Kahn's optimism stems from his faith that markets can solve all problems, climate change included. Although the book is filled with the various ways in which cities can become more resilient to the threats posed by climate change — such as using zoning to proscribe building in at-risk locations and building stronger infrastructure — its main point is that market incentives will launch “a billion mutinies against climate change”. The price signals that induce these mutinies will inspire a cascade of innovations and adaptations that will help our cities to thrive.

Yet some of Kahn's stories suggest that he ought to be less upbeat. For example, he details how almost a century after California began charging less for water than the cost of supplying it, producers who provide only 1% of the state's annual income now receive 40% of its water to grow just four crops: cotton, rice, alfalfa and grass for grazing. He blames this imbalance on a series of baroque, often unproductive, rationing schemes that have been implemented by the state over the years to redistribute the scarce resource, thereby restricting market-driven pricing solutions. California's experience demonstrates how slow and ineffective the policy changes needed to adapt to climate threats can be. Many other adaption decisions will be made similarly.

G. STEINMETZ/CORBIS

Will market pressures spur enough innovations to let cities such as Las Vegas thrive in a warmer world?

How a city defends itself against potential flooding, for example, will not be decided by traditional economic theorists. The amount a person is willing to pay will depend on his or her vulnerability: those living higher up a hill will be less keen to finance measures than those who live on the flood plain. Effective answers depend on the political process being able to respond to climate threats more rapidly than those threats are realized.

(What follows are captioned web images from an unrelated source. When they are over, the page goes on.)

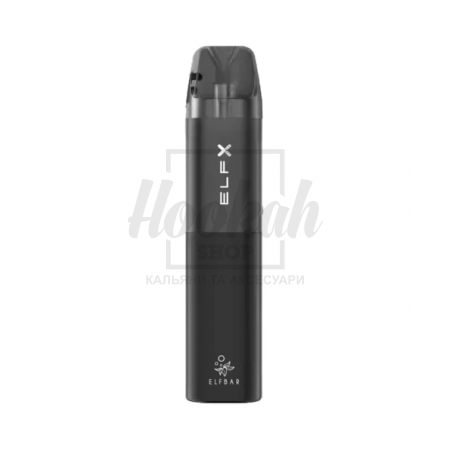 Многоразовая Pod-система Elf Bar ELFX Black Многоразовая Pod-система Elf Bar ELFX Black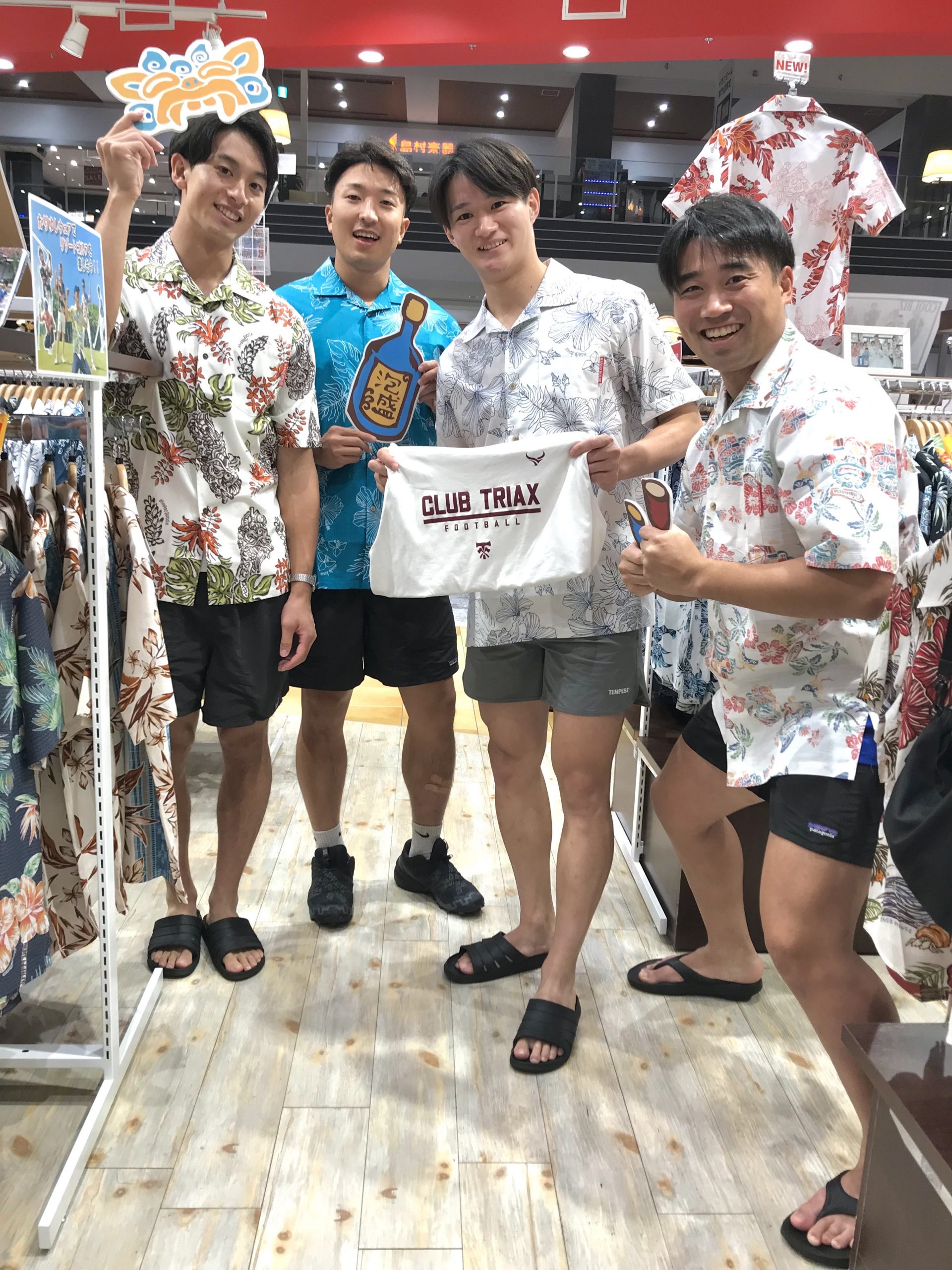 東京からお越しのお客様 社会人アメフトチームの皆様がご来店でーす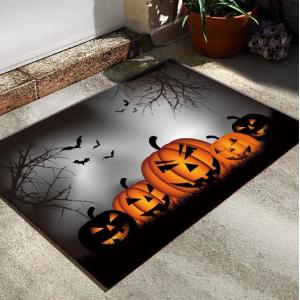 Halloween Day Special Door Floor Carpet Rug Crystal Velvet Rectangle Household Decoration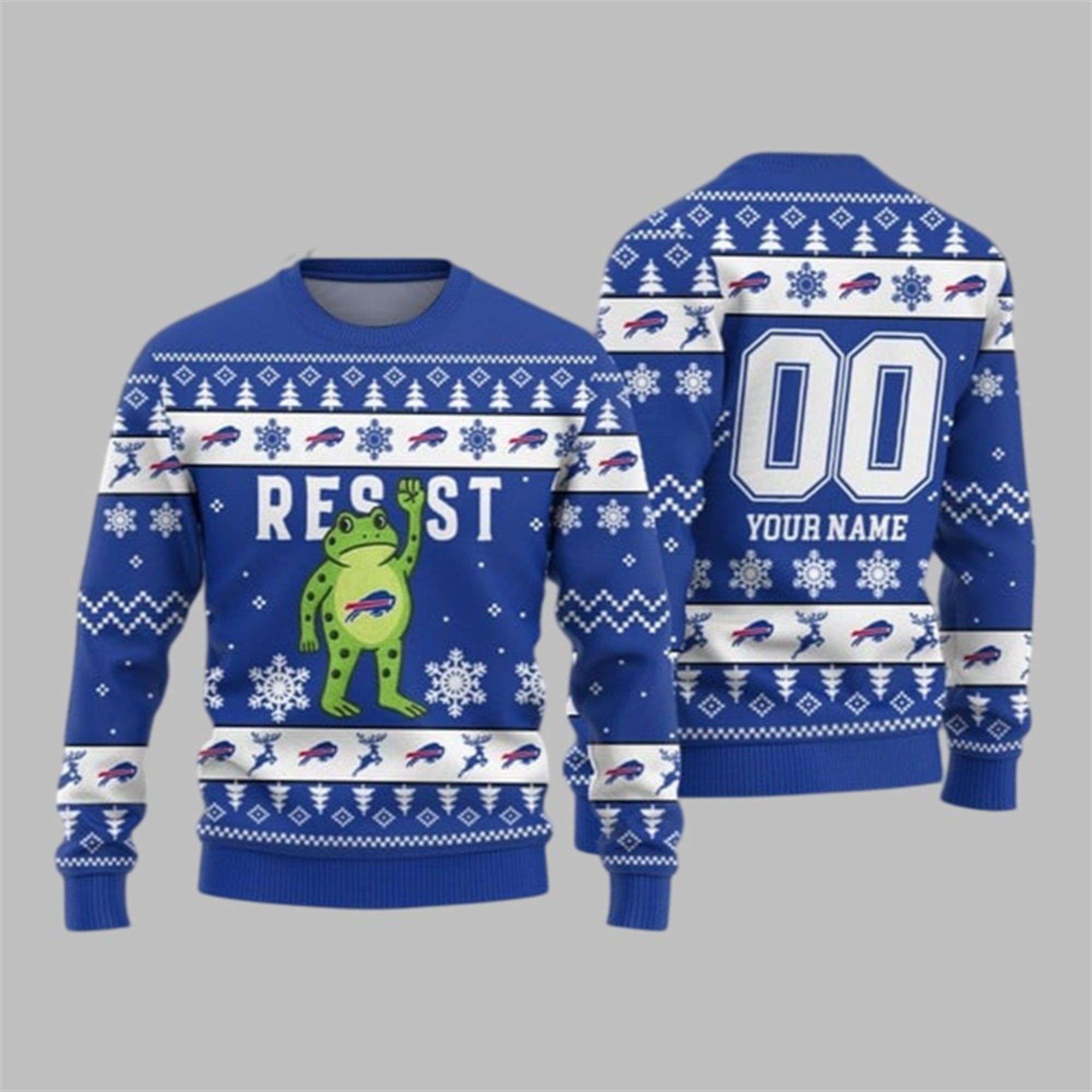 2026 Christmas Bills Portland Frog Resist Ugly Sweater 1 1 2026 Christmas Bills Portland Frog Resist Ugly Sweater 1 1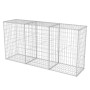 Gabion wall basket galvanized steel 200x50x100 cm by vidaXL, fence panels - Ref: Foro24-142552, Price: 102,23 €, Discount: %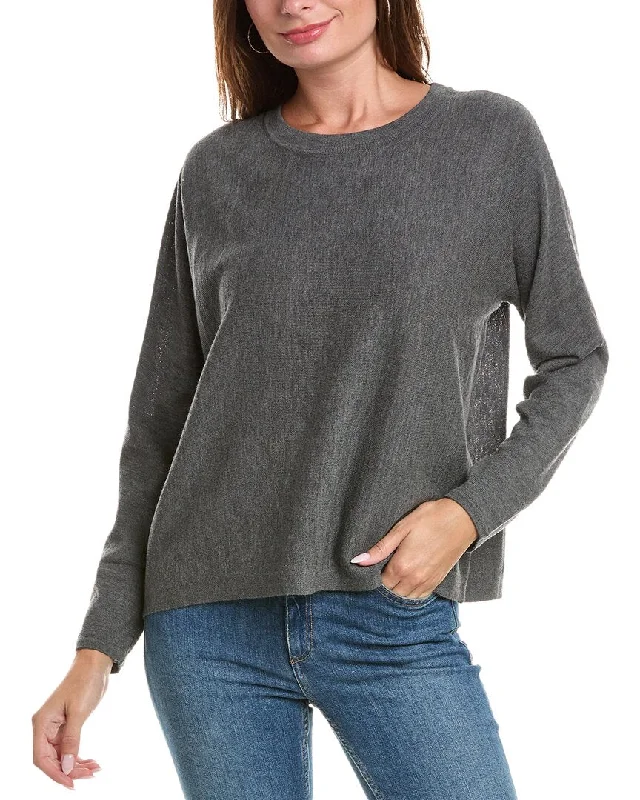 Fashion Sale EILEEN FISHER Round Neck Wool Top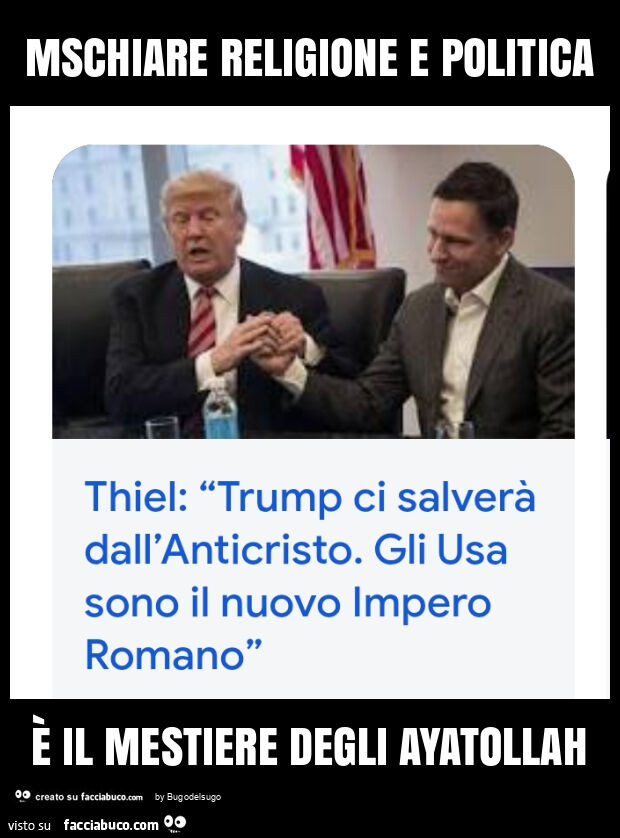 Mschiare religione e politica è il mestiere degli ayatollah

Beyond Kahn, optimism that political consensus will outpace the threats of climate change is in short supply. There are numerous examples of long-lasting policy distortions that seem inviolate to change. Jared Diamond's Collapse (Allen Lane, 2005) offers a litany of disturbing tales of unchanged behaviour in response to fundamental societal threats. It is more probable that we will behave like the proverbial frog that remains in a pot of slowly warming water brought to the boil than like the real frog that jumps out.

Kahn is adamant that the best way to deal with the risks of climate change is to rely on private insurers to decide how to price them. There is much to be said for relying on pricing mechanisms to deal with uncertain risks, and one does not have to look far for examples of failed public interventions in financial markets that have stopped these mechanisms from working. However, one wonders where Kahn has been over the past few years. Few people in Greece, shocked by the lack of transparency in their country's finances, are likely to share his view that “mutually beneficial trades” between cities and Wall Street will result in safer municipalities.

The private sector will have an important part to play in pricing and allocating the risks of climate change. But to suggest that its unfettered pursuit of its own ends will be socially optimal is so simplistic that it could undermine the reader's confidence in one of Kahn's central points — that an economic perspective on climate adaptation has value. That would be a shame, because he has a great deal to offer even if his presentation is incomplete. The question of how to price the risks of climate change has received attention in reports such as the 2006 Stern Review on the Economics of Climate Change, which show how small changes in assumptions can have enormous effects on policy. Simply saying that we must allow these risks to be priced by markets is not enough.

Climatopolis documents the thinking of a first-rate economist on one of the most pressing issues of our time. It is breezy but robust. I recommend it to those who would ensure their scientific and environmental perspectives on climate change are accompanied by a sound economic perspective. Kahn shows the range of linkages between science, geography, the accidents of history and behaviour. Although he takes some liberties with his prescriptions, he does so with verve. I hope he keeps at it, either on his blog or as a more-precisely argued text for university courses.